# What the exercise asks:
Output the listing below verbatim, but drop the images.

# Provided information:
▬▬▬▬▬▬

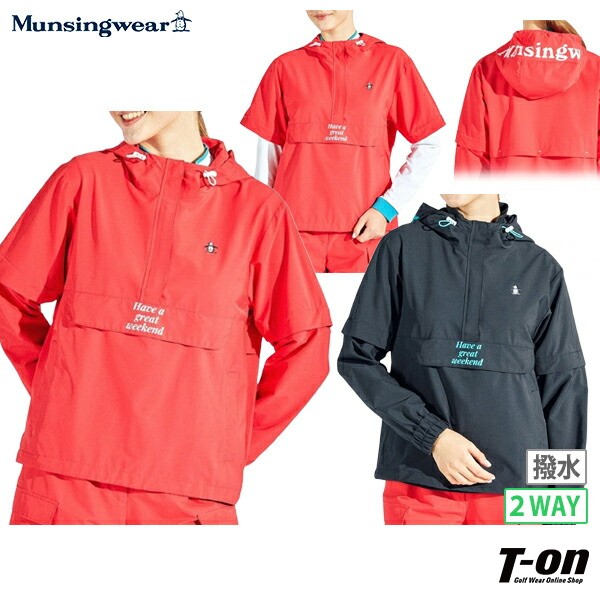 【ポイント10倍】ブルゾン レディース マンシングウェア Munsingwear 2025 春夏 新作 ゴルフウェア mg5sjk51lの通販は 28,600円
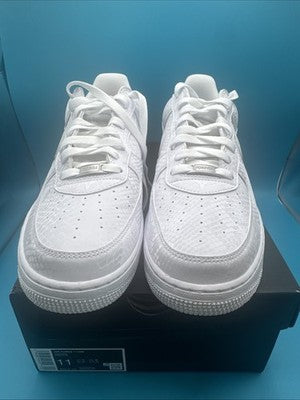 Size 12- Nike Kobe Bryant x Air Force 1 Low Forever White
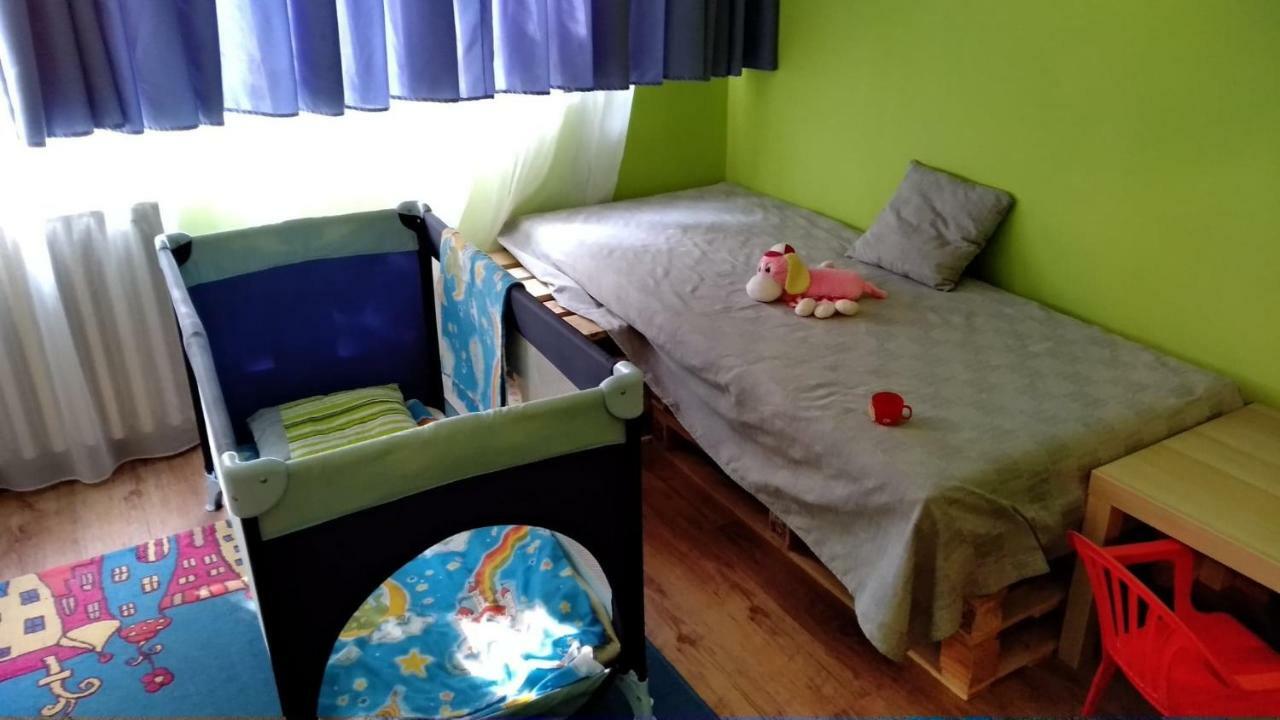 Gesztenyes Apartman ミシュコルツ エクステリア 写真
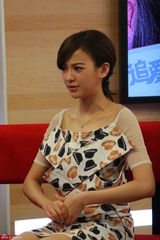 组图：《追爱》做客 陈意涵聊与陈柏霖吻戏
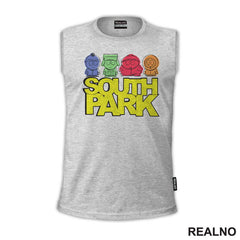 Stan, Kyle, Cartman And Kenny - South Park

▬▬▬▬▬▬

# Task answer:
 【ポイント10倍】ブルゾン レディース マンシングウェア Munsingwear 2025 春夏 新作 ゴルフウェア mg5sjk51lの通販は 28,600円
 Size 12- Nike Kobe Bryant x Air Force 1 Low Forever White
 Gesztenyes Apartman ミシュコルツ エクステリア 写真
 组图：《追爱》做客 陈意涵聊与陈柏霖吻戏
 Stan, Kyle, Cartman And Kenny - South Park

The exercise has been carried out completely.